Marean de nuevo la perdiz social con el sádico cambio de hora, cuya única ventaja es que así se empieza a beber antes. Eso cuando se sigue la razonable ley de los duros whitehunters, los cuales, por eso de no ver doble cuando apuntan a un león o son embestidos por un búfalo, tienen como norma draconiana empezar a beber solo tras la puesta de sol. Pero como en España el sol se acuesta, dependiendo de la estación, a las diez de la noche o a las cinco de la tarde, pues encuentro harto voluble seguir tal dictadura horaria para afinar la puntería.
Y todo porque los burócratas nos condenan a las tinieblas invernales arrebatándonos una hora de luz. No puedo sino echar pestes de esa gente cuyo pasatiempo favorito es madrugar y que justifican la drástica medida con la sempiterna chorrada del ahorro energético. ¡No para los hogares! A no ser que dispongas de chimenea, coñac, amante y piel de oso, la electricidad en casa es una ruina.

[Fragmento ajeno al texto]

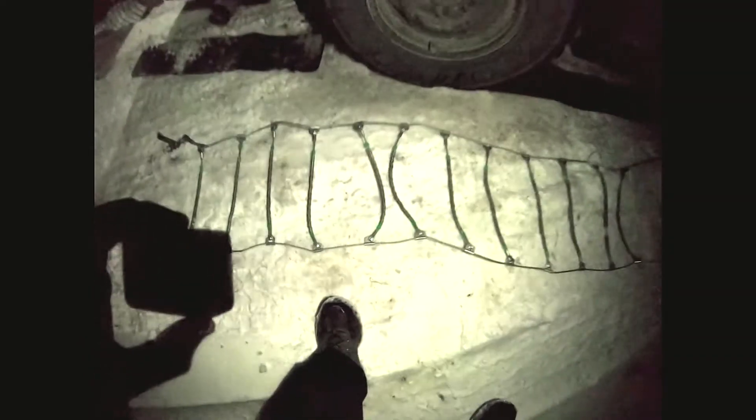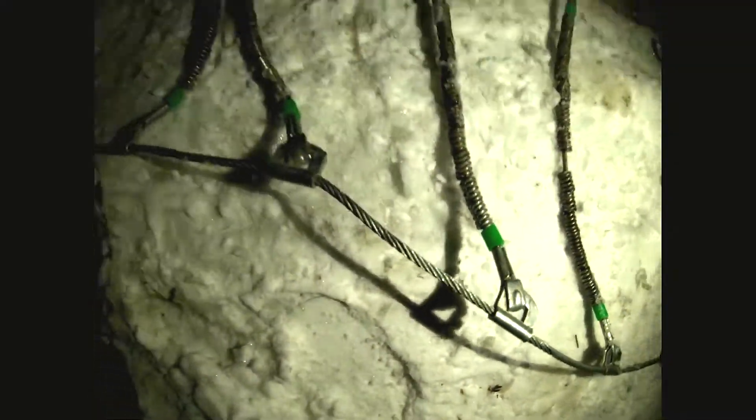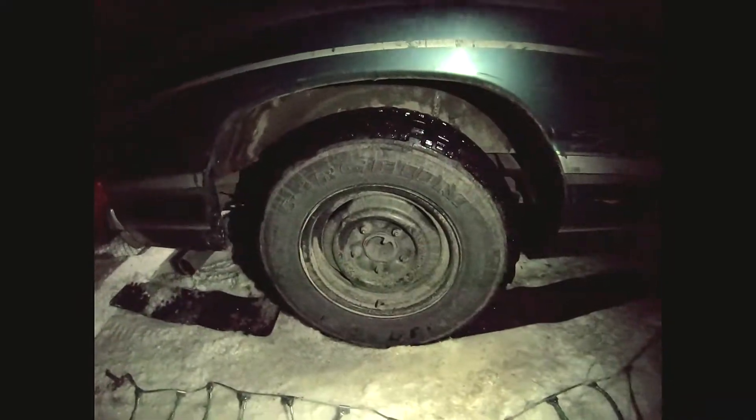So I'm gonna teach y'all how to put on chains. First step, find your chains. Today I'm only gonna put on one chain — I'm only four feet away from land. Next thing to do, lay out your chain. You want the side with the lip to be on the outside so that it doesn't rub against your tire. It'll be the back flap side.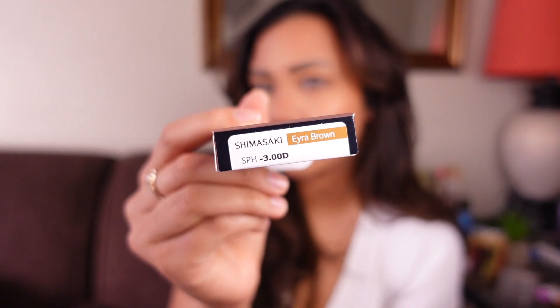Alright, next — last one. We are back. This is Era Brown — I think that's how you say it. This is what it looks like natural. I like it, very brown.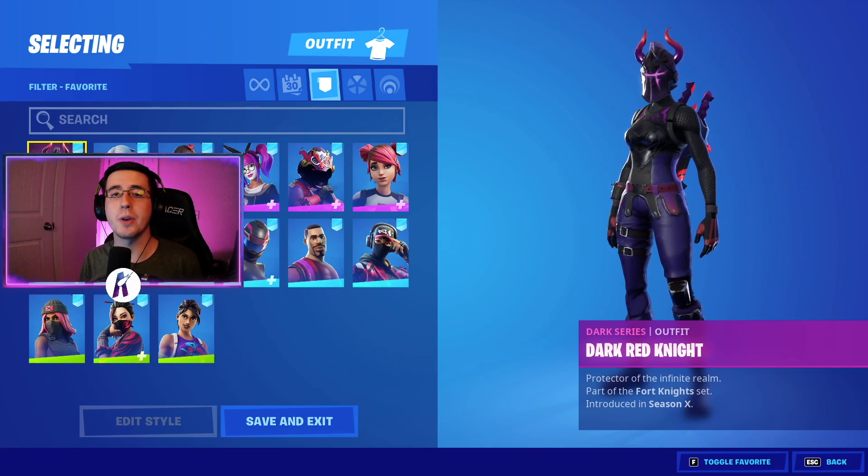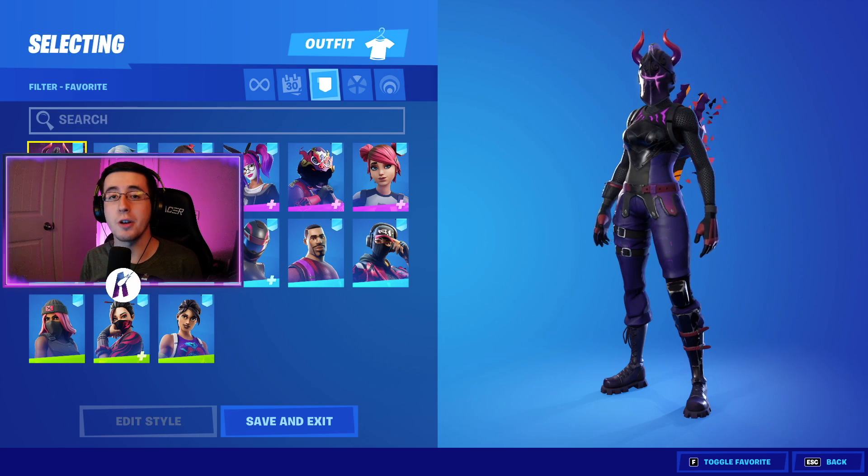Now to begin the video, for the best combos for the brand new Elder Fox Crest back bling, going to first start by showing off the skins.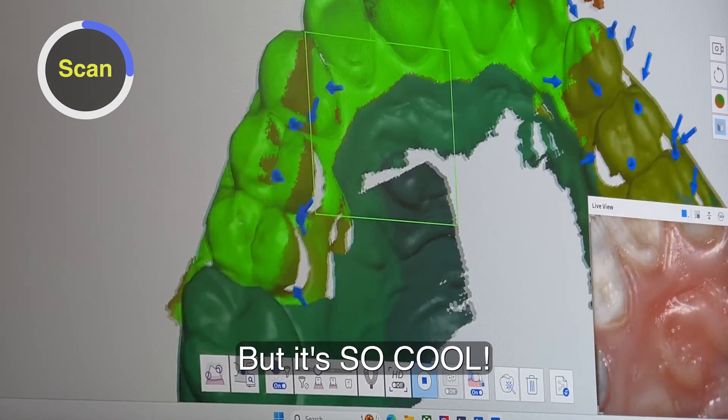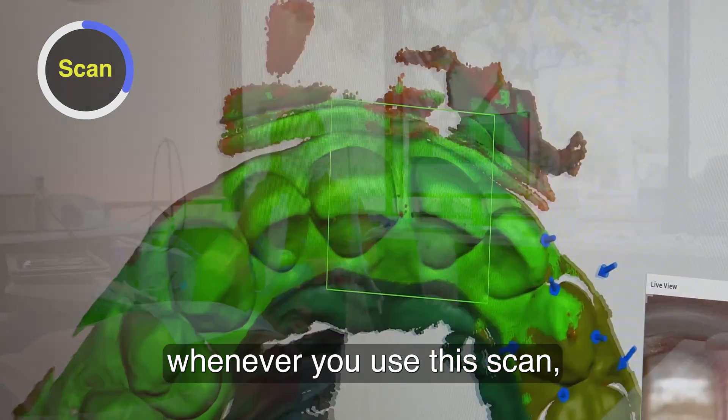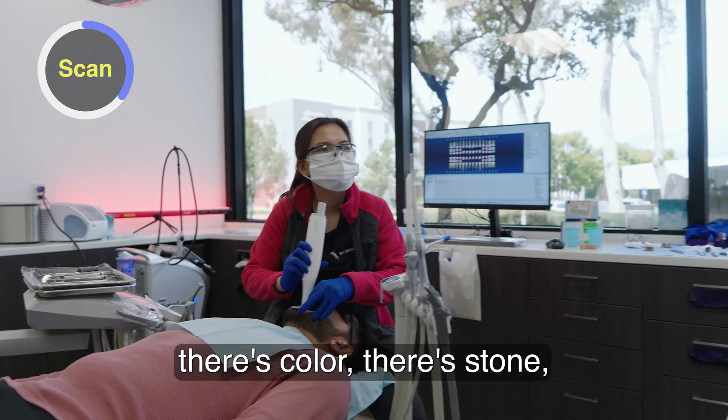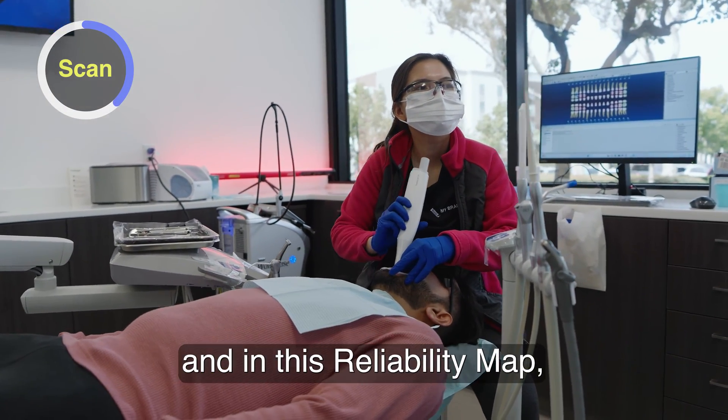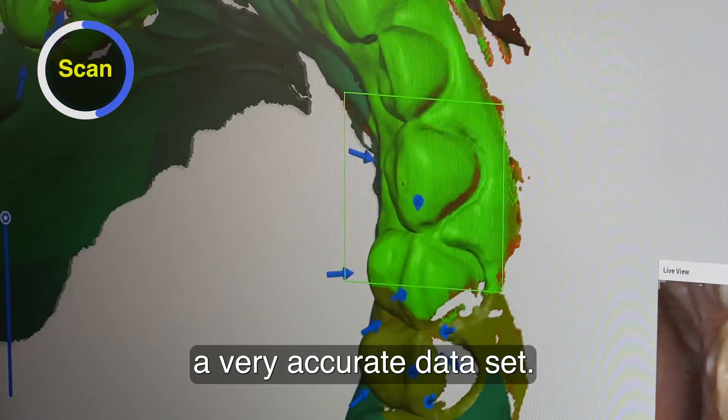I didn't really know what it was, but it's so cool. Now what I understand is whenever you use this scan, there's color, there's stone, and this reliability map — this bright green is indicating a very accurate data set.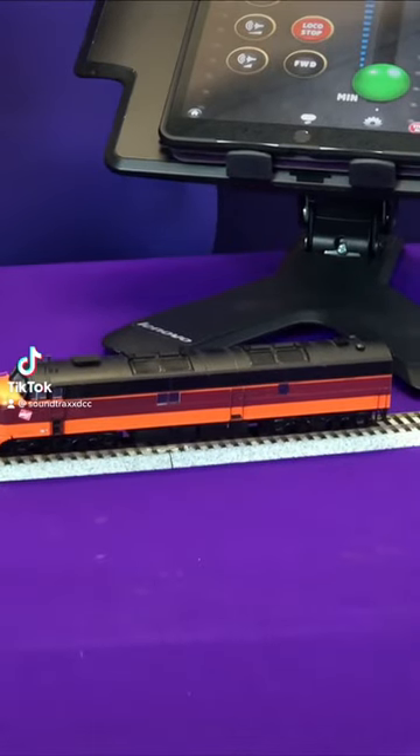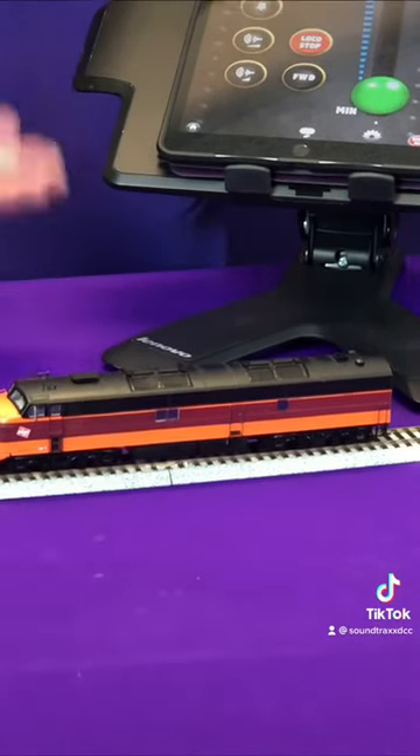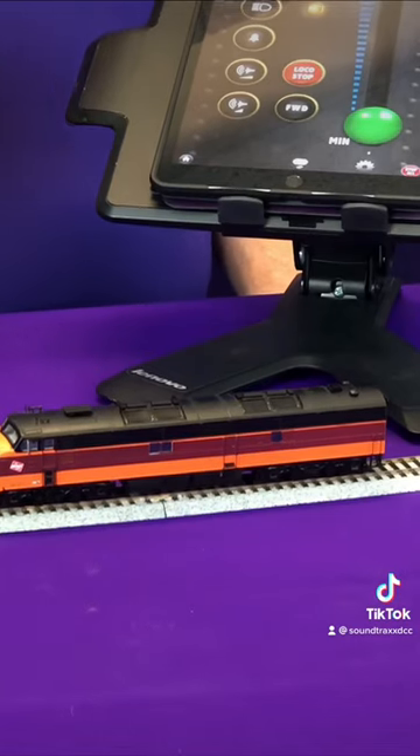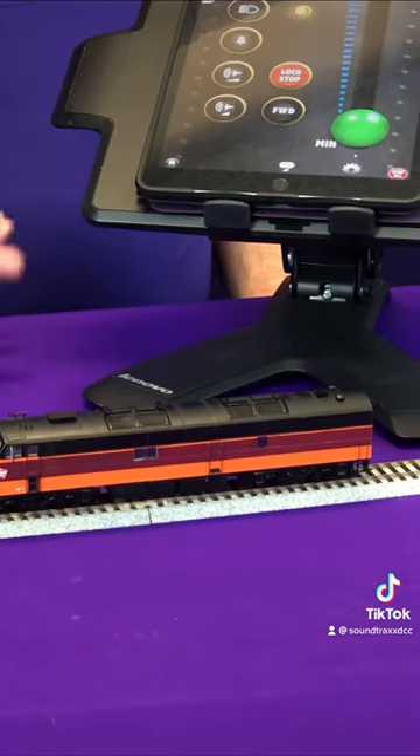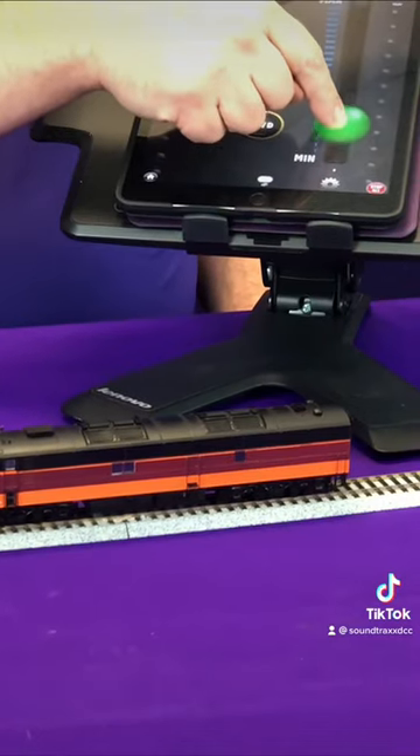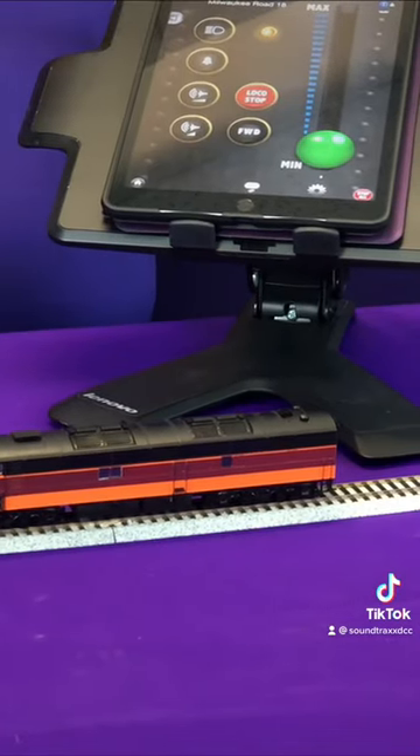So now the question is going to become: how do I start up my locomotive when I've disabled the auto-start? Well, there are actually two different ways. Number one is you can send a non-zero motor command, which means you kind of goose the throttle, and you'll hear that the locomotive starts up.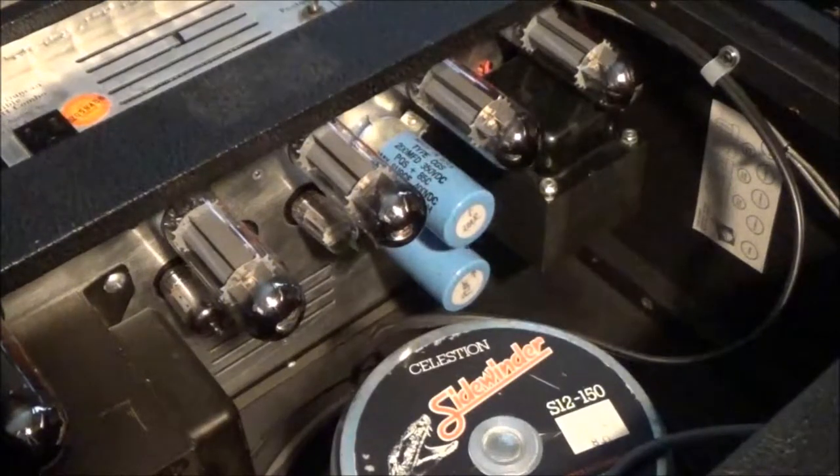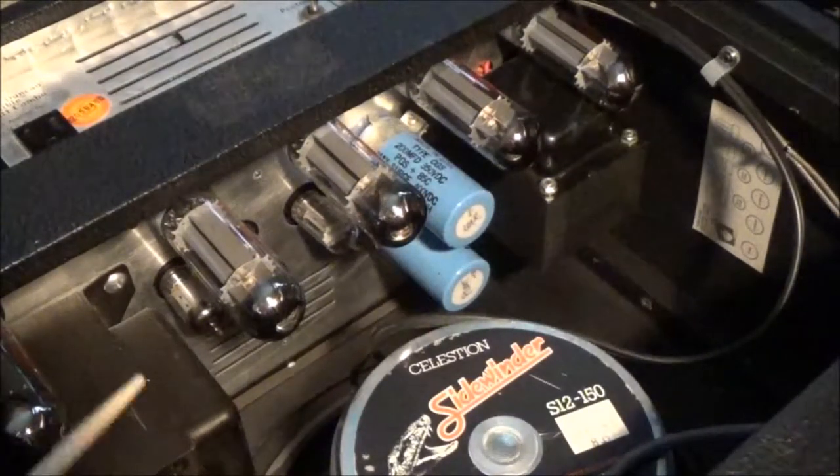Here's a quick thing about the variable wattage circuit. Occasionally I'll hear people saying that they have a convertible and their variable wattage doesn't do anything. I surmise in a lot of cases it's because they have the wrong kind of preamp tubes in the sockets concerning the variable wattage part of the circuit.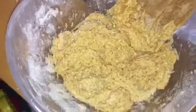Now the tea is added in so I'm going to give that another mix around. Now we have a really nice wet dough. So my next step is to add in the fruit mixture and give it a mix around.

En el Mediterráneo y en cualquier pueblo de la Península, ya sea en la ancha meseta o a la falda de los Pirineos, es una tristeza, edulcorada por los colores del cielo, observar como a las cinco de la tarde ya es de noche por imposición de aquellos que gustan de meterse en el catre para jugar al zapping (prefieren cualquier consola a los juegos amatorios: diferencia de gustos en cuestión de botones).
Ya hace unos años el mentiroso y vampírico presi dijo que estudiaba no cambiar el horario. Y se sorprendió desagradablemente cuando, en cierta encuesta, el pueblo afirmó preferir el horario de verano. Naturalmente: ¡Queremos más luz!